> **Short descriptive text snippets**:

╔══

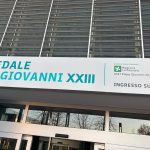 In vista della ‘Festa di Santa Lucia’, il campione olimpico dei 100 metri Marcell Jacobs e l’assessore regionale alle Infrastrutture e Opere pubbliche Claudia Maria Terzi partecipano all’iniziativa promossa da Regione Lombardia, in collaborazione con l’Ospedale Papa Giovanni XXIII di Bergamo, che prevede la consegna di doni ai bambini ricoverati nei reparti di Pediatria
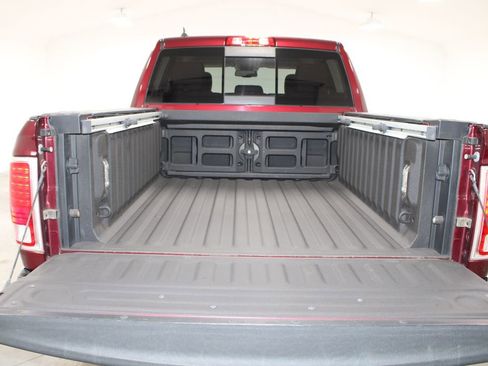 Used 2017 RAM 1500 Laramie Longhorn image 17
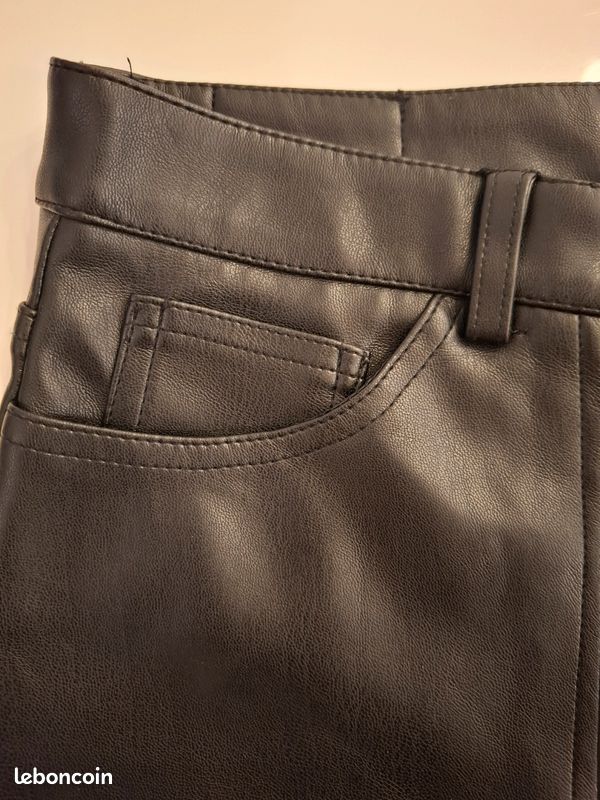 Jupe femme 😌 : Achat occasion | Jupes courtes (femme) Tally Weijl Noir Très bon état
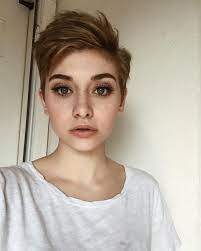 1 812 Likes 35 Comments Sadie Jones Sae Dee On Instagram Twiggy Vibes Lashes Short Pixie Haircuts Short Hair Styles Thick Hair Styles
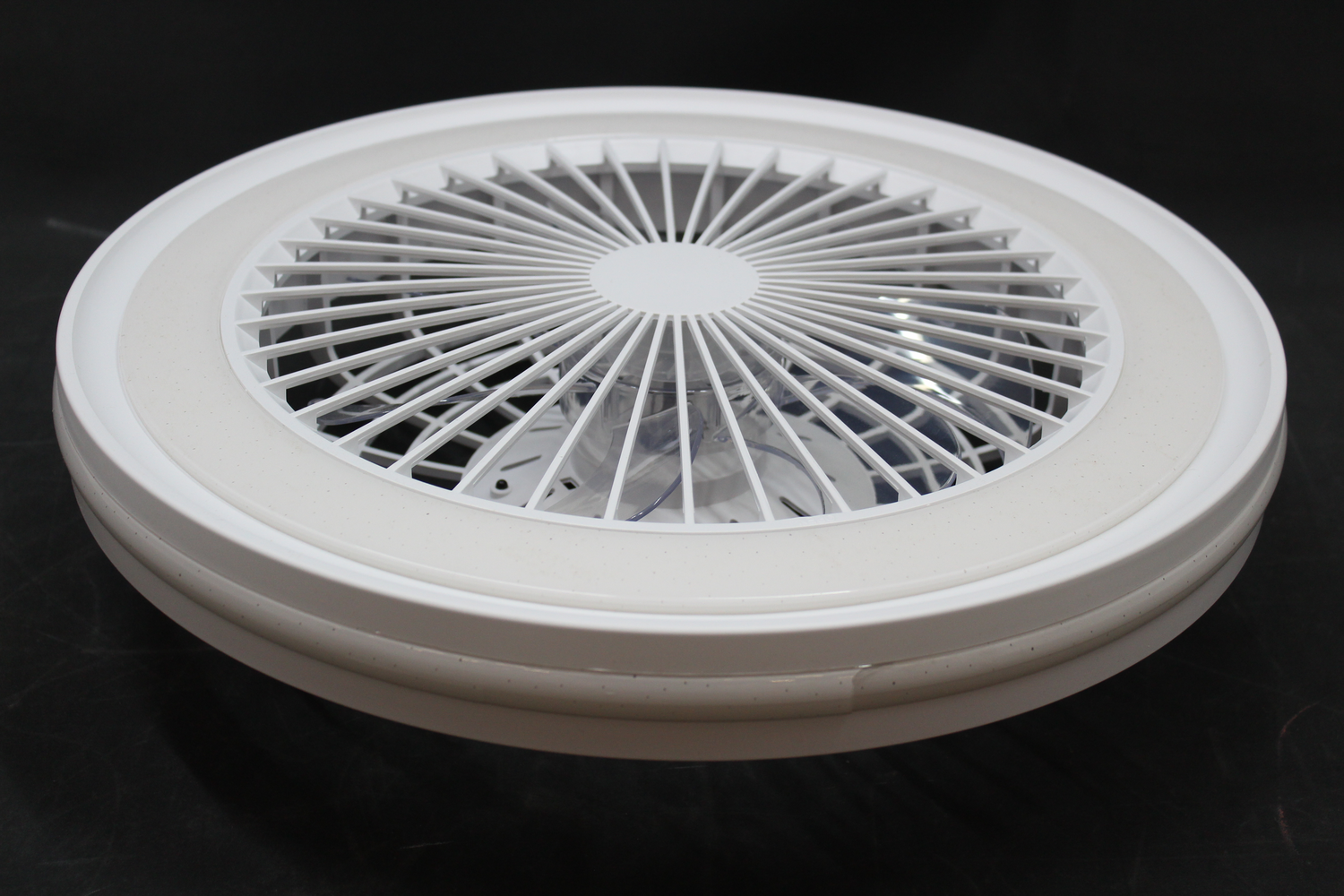 Mantra Iluminación Led Deckenventilator Gamer Weiß Dc Leise ø 47 Cm Siehe Text B-Ware von Mantra Iluminación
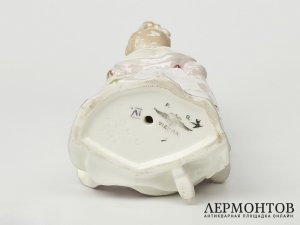 Статуэтка «Девушка бидермейер, смотрит налево». Goldscheider, Австрия, 1904–1905 годы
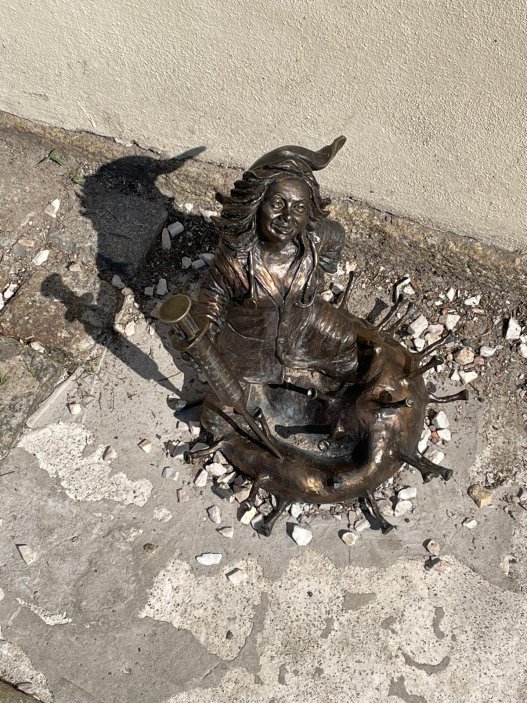 Vratislav díky trpaslíkům získala turistickou atrakci bez jediné budovy, otevírací doby i vstupného. Rozprostírá se prakticky po celém městě a návštěvníky nenápadně vede od hlavního náměstí ke kavárnám, hotelům, obchodům, institucím i do méně známých ulic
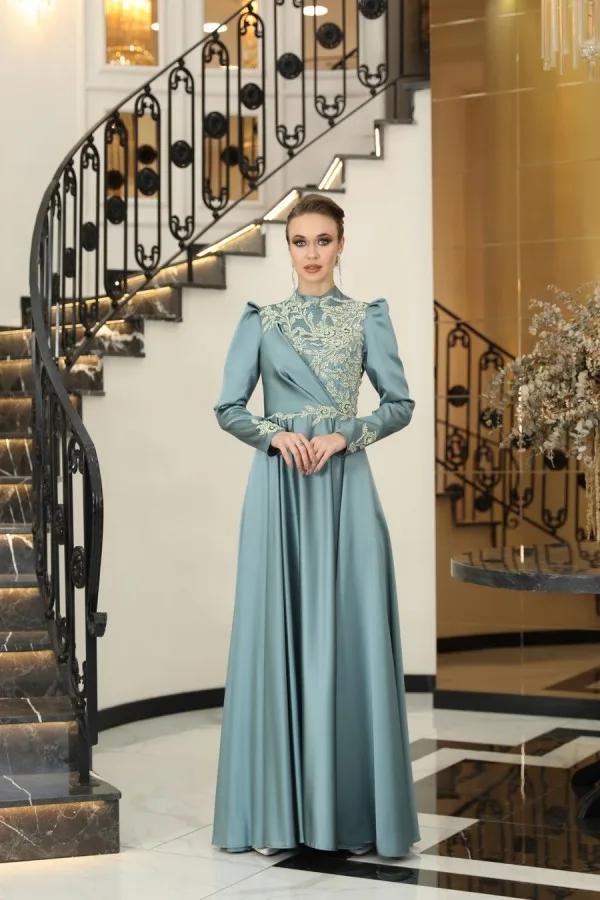 nilufer abiye mint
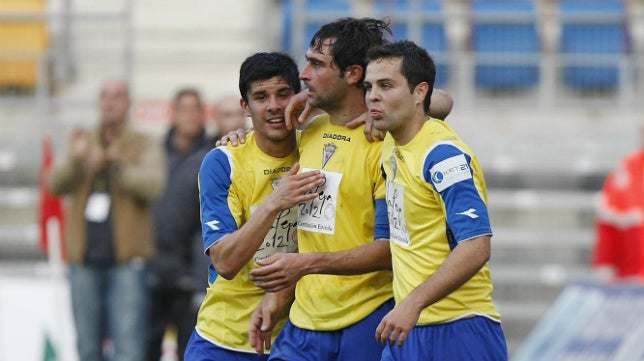 Dani Fragoso: «El Cádiz CF acierta con los fichajes de Eugeni y Fausto Tienza»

╚══

> **To do**: Exclude the pictures, and output exactly the lines from the one with "Jupe femme 😌" through the last line of the records, both included.

> **Result below**:
 Jupe femme 😌 : Achat occasion | Jupes courtes (femme) Tally Weijl Noir Très bon état
 1 812 Likes 35 Comments Sadie Jones Sae Dee On Instagram Twiggy Vibes Lashes Short Pixie Haircuts Short Hair Styles Thick Hair Styles
 Mantra Iluminación Led Deckenventilator Gamer Weiß Dc Leise ø 47 Cm Siehe Text B-Ware von Mantra Iluminación
 Статуэтка «Девушка бидермейер, смотрит налево». Goldscheider, Австрия, 1904–1905 годы
 Vratislav díky trpaslíkům získala turistickou atrakci bez jediné budovy, otevírací doby i vstupného. Rozprostírá se prakticky po celém městě a návštěvníky nenápadně vede od hlavního náměstí ke kavárnám, hotelům, obchodům, institucím i do méně známých ulic
 nilufer abiye mint
 Dani Fragoso: «El Cádiz CF acierta con los fichajes de Eugeni y Fausto Tienza»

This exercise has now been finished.